During the small morning hours, both Marilyn and Isadore Miller climbed aboard Marilyn’s rented limousine and headed to Brooklyn. She dutifully delivered her former father-in-law to his front door steps. According to Gary Vitacco-Robles, Marilyn implored Isadore to return to the west coast with her, when she returned to LA the following day; but he declined and replied: “Maybe in November.” (Kindle V.2:25) After a brief conversation, Isadore exited the limousine. Marilyn blew her former father-in-law a kiss and then she returned to her 57th Street apartment, where she exited the limousine, barefooted, her shoes in hand, and engaged in a brief curbside conversation with one of her ardent fans, James Haspiel. He testified on more than one occasion that Marilyn told him she was exhausted. “I can tell you with authority,” he later wrote in a publication about his association with her, “that I was with Marilyn at her apartment ten minutes to four in the morning. Categorically, Marilyn was not asleep at the Carlyle Hotel, and I didn’t notice the President anywhere nearby us.” (Vitacco-Robles, ibid)

After leaving her fan standing on the sidewalk, she proceeded upstairs to her apartment, where Ralph Roberts met her. Ralph testified repeatedly that he massaged Marilyn during that early morning until she fell asleep. Even so, Shaw asserts that Marilyn and the president had a “brief sexual encounter” after the Madison Square Garden celebration, simply not the case. Even J. Randy Taraborrelli admitted: His years of research and investigation clearly indicated that such an encounter did not occur. But, once again, the facts do not matter in the world of Marilyn apocrypha. And Mark Shaw is just getting started.

The exact location of Robert Kennedy during the 1962 weekend of Marilyn’s death, specifically on Saturday, August 4th, has been debated for decades. Where was the evil attorney general? Was he, along with his wife Ethel and four of his then seven offspring, in Gilroy, California, southeast of San Francisco, visiting John and Nancy Bates, their family and ranch? Or, was he in Brentwood visiting and murdering his rejected and distraught lover? Just where the hell was he? The answer: Robert Kennedy and a portion of his family were in Gilroy, California and according to 1.) John Bates, Sr., 2) his wife, Nancy, 3.) their eldest son, John Bates, Jr., and 4.) the ranch foreman, Roland Snyder, Robert Kennedy did not leave the ranch during Friday or Saturday.

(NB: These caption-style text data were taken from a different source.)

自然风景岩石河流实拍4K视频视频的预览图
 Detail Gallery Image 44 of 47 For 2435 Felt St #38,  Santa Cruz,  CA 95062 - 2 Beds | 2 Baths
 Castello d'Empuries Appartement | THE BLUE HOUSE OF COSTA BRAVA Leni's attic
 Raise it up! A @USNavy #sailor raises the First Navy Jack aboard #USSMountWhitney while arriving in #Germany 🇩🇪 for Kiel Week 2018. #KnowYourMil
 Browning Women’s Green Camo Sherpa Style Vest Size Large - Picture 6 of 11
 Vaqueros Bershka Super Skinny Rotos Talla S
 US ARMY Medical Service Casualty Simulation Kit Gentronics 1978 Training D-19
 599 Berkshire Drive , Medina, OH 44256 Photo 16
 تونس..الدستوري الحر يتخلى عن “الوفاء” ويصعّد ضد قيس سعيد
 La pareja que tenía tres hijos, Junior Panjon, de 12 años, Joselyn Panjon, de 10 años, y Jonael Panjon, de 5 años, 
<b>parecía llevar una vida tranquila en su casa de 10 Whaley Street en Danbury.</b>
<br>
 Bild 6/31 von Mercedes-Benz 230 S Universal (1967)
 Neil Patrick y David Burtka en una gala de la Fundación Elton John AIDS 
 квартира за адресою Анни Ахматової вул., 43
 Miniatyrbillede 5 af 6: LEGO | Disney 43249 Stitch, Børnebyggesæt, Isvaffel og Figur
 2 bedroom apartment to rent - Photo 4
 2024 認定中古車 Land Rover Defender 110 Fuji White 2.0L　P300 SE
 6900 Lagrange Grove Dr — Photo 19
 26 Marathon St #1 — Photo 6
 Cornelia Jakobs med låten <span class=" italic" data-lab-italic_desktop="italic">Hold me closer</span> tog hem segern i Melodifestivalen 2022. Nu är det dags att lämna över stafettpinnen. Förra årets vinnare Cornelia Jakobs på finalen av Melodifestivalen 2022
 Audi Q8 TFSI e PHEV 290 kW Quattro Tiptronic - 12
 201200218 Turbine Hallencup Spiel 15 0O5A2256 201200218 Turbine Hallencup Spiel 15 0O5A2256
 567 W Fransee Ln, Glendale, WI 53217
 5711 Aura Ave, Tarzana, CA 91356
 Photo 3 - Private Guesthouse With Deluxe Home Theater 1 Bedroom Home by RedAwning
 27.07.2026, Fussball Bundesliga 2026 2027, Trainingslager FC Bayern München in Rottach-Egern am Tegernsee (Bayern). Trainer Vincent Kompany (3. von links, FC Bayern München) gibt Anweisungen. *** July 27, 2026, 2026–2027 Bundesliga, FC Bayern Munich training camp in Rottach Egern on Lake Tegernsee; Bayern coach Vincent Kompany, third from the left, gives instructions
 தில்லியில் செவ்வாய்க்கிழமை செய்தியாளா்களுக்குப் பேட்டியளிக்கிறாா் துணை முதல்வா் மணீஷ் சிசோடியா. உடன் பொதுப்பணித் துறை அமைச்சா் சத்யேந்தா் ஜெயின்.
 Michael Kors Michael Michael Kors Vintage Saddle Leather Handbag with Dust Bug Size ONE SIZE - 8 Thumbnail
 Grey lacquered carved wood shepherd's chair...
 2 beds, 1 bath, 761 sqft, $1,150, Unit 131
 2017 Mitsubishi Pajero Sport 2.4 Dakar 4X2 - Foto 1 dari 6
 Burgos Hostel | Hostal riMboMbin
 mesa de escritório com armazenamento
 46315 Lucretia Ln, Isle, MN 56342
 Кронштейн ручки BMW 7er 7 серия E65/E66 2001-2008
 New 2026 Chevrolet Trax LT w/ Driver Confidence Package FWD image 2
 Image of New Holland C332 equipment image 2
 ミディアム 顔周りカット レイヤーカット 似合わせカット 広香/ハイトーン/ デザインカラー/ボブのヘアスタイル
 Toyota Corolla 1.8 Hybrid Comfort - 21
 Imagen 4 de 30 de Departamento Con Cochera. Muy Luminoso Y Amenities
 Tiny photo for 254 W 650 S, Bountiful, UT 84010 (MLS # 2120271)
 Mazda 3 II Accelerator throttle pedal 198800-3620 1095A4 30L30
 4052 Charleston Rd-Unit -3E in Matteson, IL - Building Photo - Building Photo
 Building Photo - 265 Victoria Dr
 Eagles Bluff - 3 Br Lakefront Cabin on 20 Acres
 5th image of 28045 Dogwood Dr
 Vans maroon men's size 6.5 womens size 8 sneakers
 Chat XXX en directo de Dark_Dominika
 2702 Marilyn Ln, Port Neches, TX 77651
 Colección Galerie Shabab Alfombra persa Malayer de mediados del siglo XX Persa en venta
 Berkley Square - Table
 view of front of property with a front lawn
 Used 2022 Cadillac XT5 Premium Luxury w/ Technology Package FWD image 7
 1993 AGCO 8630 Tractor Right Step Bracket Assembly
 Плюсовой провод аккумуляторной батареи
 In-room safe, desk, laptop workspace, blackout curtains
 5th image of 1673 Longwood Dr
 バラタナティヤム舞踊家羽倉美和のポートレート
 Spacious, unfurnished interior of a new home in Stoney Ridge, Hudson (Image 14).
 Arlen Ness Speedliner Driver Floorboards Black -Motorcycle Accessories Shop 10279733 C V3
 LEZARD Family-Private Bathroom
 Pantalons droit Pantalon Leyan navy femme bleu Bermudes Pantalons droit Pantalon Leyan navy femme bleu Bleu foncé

Regarding the Attorney General’s location that weekend in August of 1962, Shaw equivocated. He wrote:

[…] there have been suspicions that the last person to see or hear from Marilyn may have been Robert Kennedy, and whomever may have joined him at her new home. While the accounts differ as to the exact time and duration of the potential visit, if true, RFK could have had a confrontational conversation with Marilyn regarding her going to the media and telling secrets threatening him and his family (p. 477, emphasis mine)

It is apparent that Shaw could not simply out-of-hand dismiss the Bates family’s testimony regarding that weekend and, even though he appeared to accept that Robert Kennedy visited Brentwood that Saturday, despite differing accounts regarding that visit, he also equivocated and employed phrases like “may have been.” But intent on having his cake and eating it, Shaw devises a truly bizarre tactic. Bear with me as it unfolds.

II. Wrong Car in the Wrong place

Early on Sunday morning, August 5th, after the group attended church in Gilroy, John Bates Sr. drove his visitors back to San Francisco and delivered them to the home of Paul Fay. The Kennedy family visited the Fays until the Attorney General delivered his speech to the American Bar Association on Monday, August 6th. Shaw publishes a Bates family photograph, displayed below. It depicts the Kennedy family just as they were starting to pile into the Bates family station wagon, preparing to leave Gilroy and the Bates Ranch.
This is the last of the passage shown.